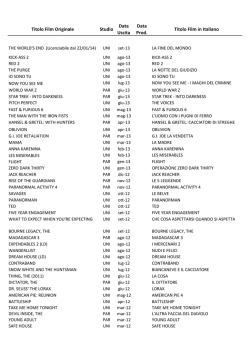 Titolo Film Originale Studio Data Uscita Data Prod. Titolo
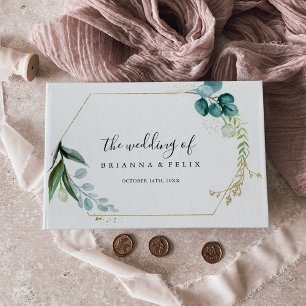 Gold Floral with Tropical Greenery Wedding Guest Book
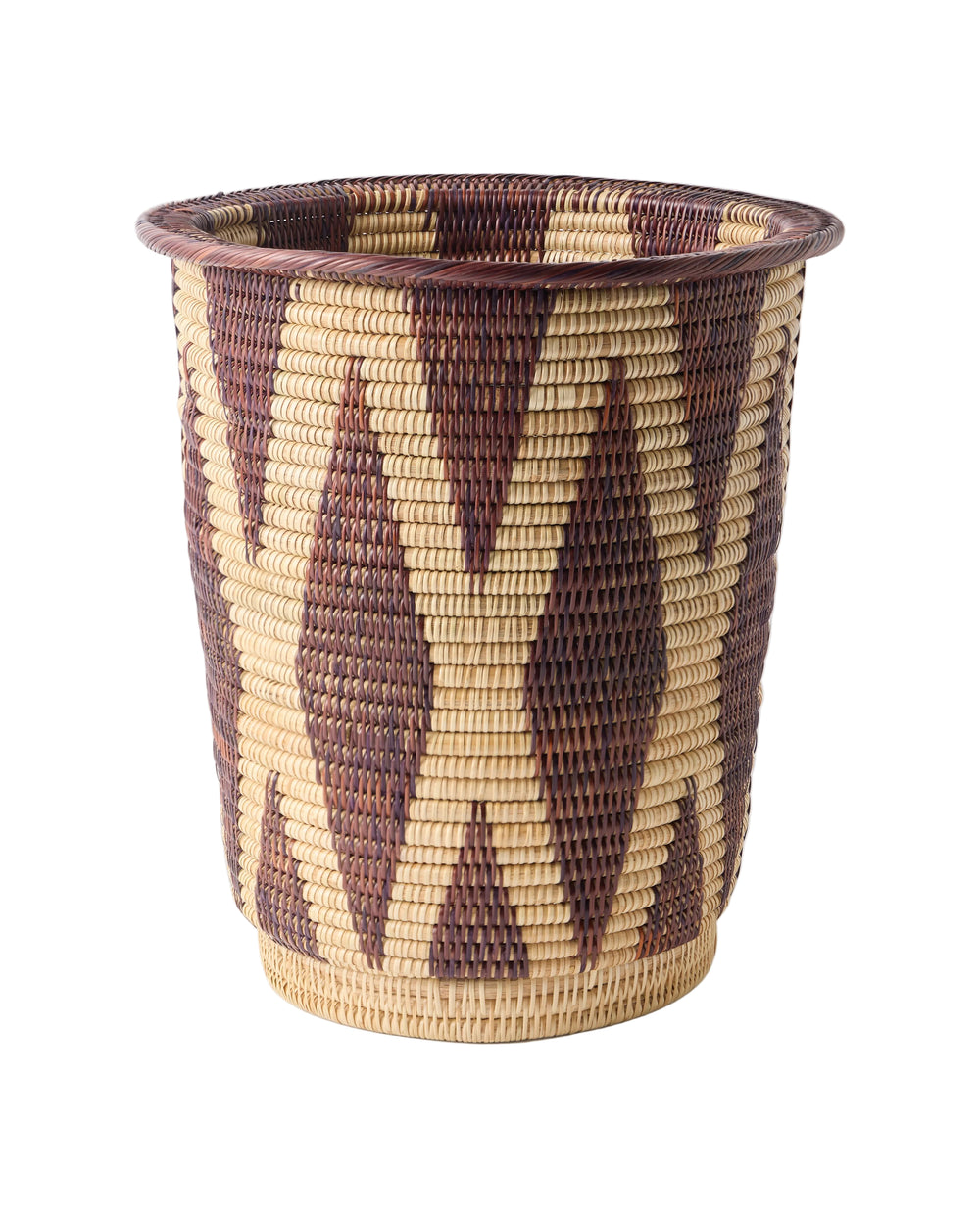 Front view of Woven Marrone wastepaper bin showcasing handwoven natural and brown geometric pattern on a white background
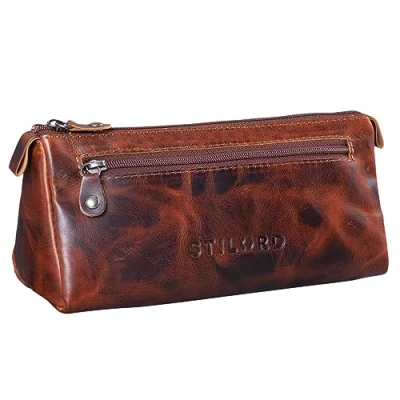 Abbildung von STILORD &#039;Alexis&#039; Vintage Leder Etui Stiftemappe mit 2 Fächern und Reißverschluss Federtasche Federmäppchen Schlampermäppchen Echtes Leder, Farbe:Milano braun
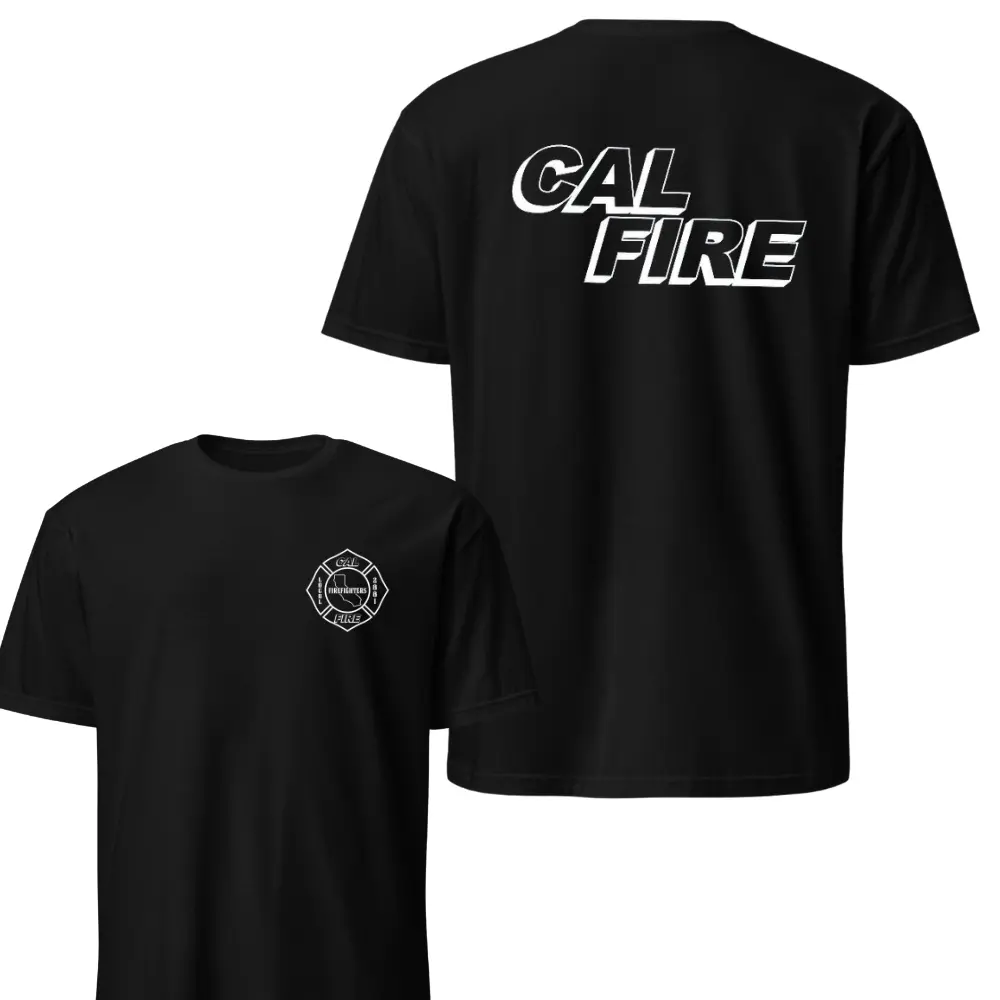 CAL FIRE Firefighter T-Shirt, Bold Fire Department Graphic Tee, Soft Cotton Blend Shirt, Durable Work Apparel for Men, Firefighter Themed GiftTshirt,EverydayStyle, TrendyOutfit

·····

Activity
Pictures are to be left out. Otherwise, copy the material above exactly.

Output of the task
 Titolo Film Originale Studio Data Uscita Data Prod. Titolo
 Gold Floral with Tropical Greenery Wedding Guest Book
 Front view of Woven Marrone wastepaper bin showcasing handwoven natural and brown geometric pattern on a white background
 Abbildung von STILORD &#039;Alexis&#039; Vintage Leder Etui Stiftemappe mit 2 Fächern und Reißverschluss Federtasche Federmäppchen Schlampermäppchen Echtes Leder, Farbe:Milano braun
 CAL FIRE Firefighter T-Shirt, Bold Fire Department Graphic Tee, Soft Cotton Blend Shirt, Durable Work Apparel for Men, Firefighter Themed GiftTshirt,EverydayStyle, TrendyOutfit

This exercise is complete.